The hikers that visit Yosemite and other national parks might be damaging wilderness more by getting themselves to and from the parks than by treading on trails. A survey of Yosemite visitors taken in 2005 showed that 74 percent of respondents arrived to the park in a private vehicle, and just two percent arrived by bicycle. The National Park System is recognizing the impact of transportation but can only really change the infrastructure within its parks. Thankfully some outside agencies are starting to see opportunities to link parks with surrounding communities more sustainably, but every park needs programs like the Linx bus system, because, right now, private vehicles are the only tenable option most people have for accessing remote national parks.

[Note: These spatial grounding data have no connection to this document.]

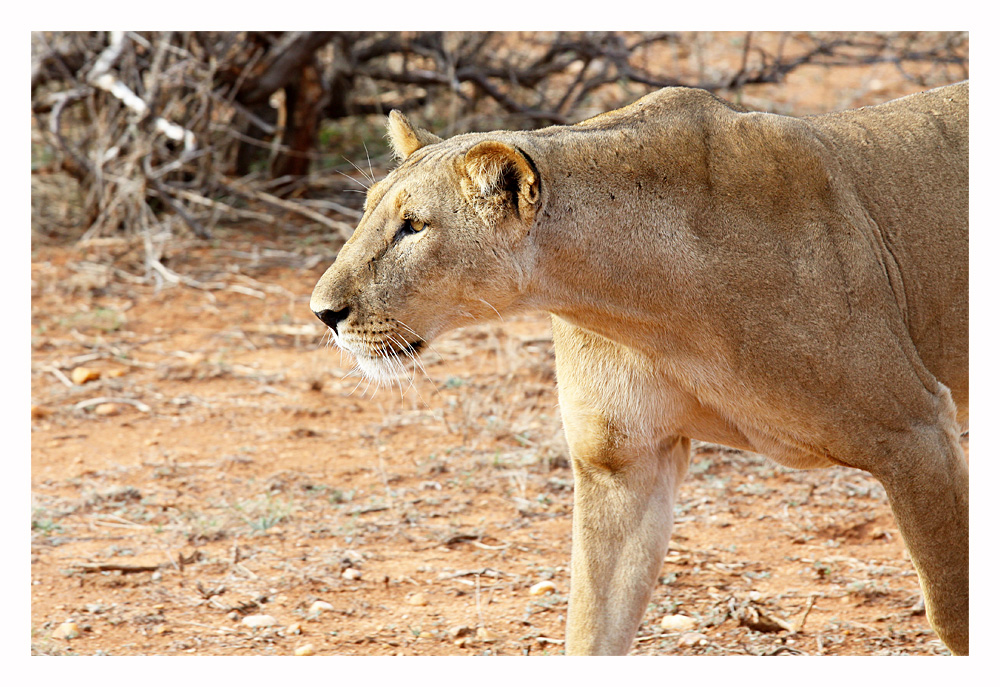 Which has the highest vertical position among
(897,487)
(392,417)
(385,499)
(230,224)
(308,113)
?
(308,113)

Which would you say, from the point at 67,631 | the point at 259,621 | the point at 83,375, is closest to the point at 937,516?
the point at 259,621

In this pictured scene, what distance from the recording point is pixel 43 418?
574 cm

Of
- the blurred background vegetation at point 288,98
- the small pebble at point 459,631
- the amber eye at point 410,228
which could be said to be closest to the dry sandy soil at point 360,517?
the small pebble at point 459,631

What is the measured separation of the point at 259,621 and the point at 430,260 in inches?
66.9

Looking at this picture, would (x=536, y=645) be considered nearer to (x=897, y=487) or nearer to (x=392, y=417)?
(x=897, y=487)

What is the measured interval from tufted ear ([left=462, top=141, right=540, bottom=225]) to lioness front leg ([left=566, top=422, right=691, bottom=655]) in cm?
77

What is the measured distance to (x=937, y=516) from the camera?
291 cm

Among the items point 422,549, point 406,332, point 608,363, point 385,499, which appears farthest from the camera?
point 385,499

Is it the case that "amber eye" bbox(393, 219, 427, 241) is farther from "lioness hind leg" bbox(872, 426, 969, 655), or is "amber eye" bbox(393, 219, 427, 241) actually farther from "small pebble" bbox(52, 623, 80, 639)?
"small pebble" bbox(52, 623, 80, 639)

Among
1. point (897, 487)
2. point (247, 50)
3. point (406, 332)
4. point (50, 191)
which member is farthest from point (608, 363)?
point (50, 191)

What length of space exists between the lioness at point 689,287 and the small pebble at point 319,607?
4.18ft

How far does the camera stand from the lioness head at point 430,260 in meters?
2.71

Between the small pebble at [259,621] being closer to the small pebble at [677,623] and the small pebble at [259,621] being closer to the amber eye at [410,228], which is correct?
the small pebble at [677,623]

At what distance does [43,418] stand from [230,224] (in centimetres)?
324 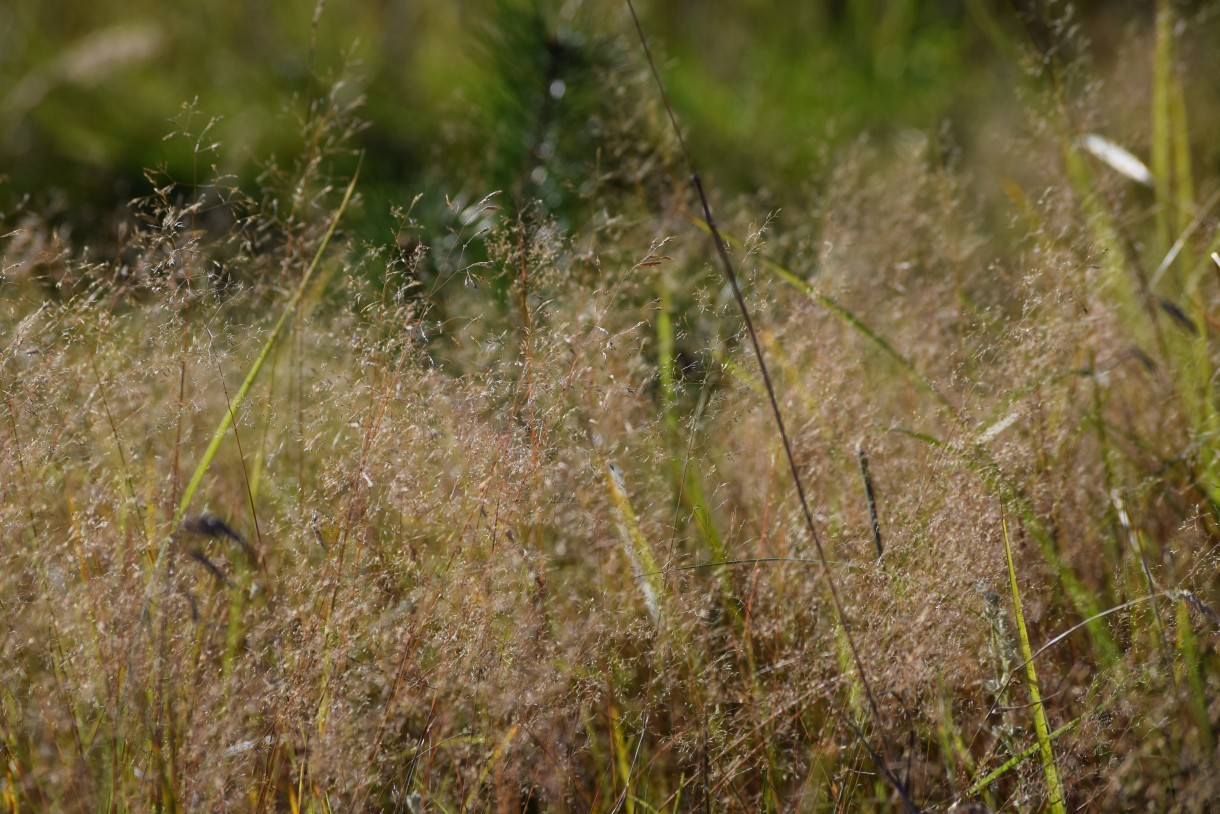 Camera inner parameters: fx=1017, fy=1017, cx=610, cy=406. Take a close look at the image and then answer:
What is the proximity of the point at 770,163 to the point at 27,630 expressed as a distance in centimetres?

Was driving solo to Mammoth Lakes to review a pair of snowboard boots back in 2001 a boner move? Probably. I could say, well, it's just about 500 miles of driving. Those carbon emissions are a drop in the bucket. Then again, buckets fill up with lots of drops.

NPS director Jonathan Jarvis told me last year that the park service has moved beyond the mitigation stage and is developing strategies to adapt to climate change. But bigger-picture stewardship in the park system is facing major budget roadblocks.

I appreciate the value and increasing scarcity of solitude and wilderness. I don't fault Wilderness Watch for taking its position. That's its mandate, really. The cables would never fly if they were introduced today—they violate the Wilderness Act, for one thing. But I think we should deal with it and pick more important battles.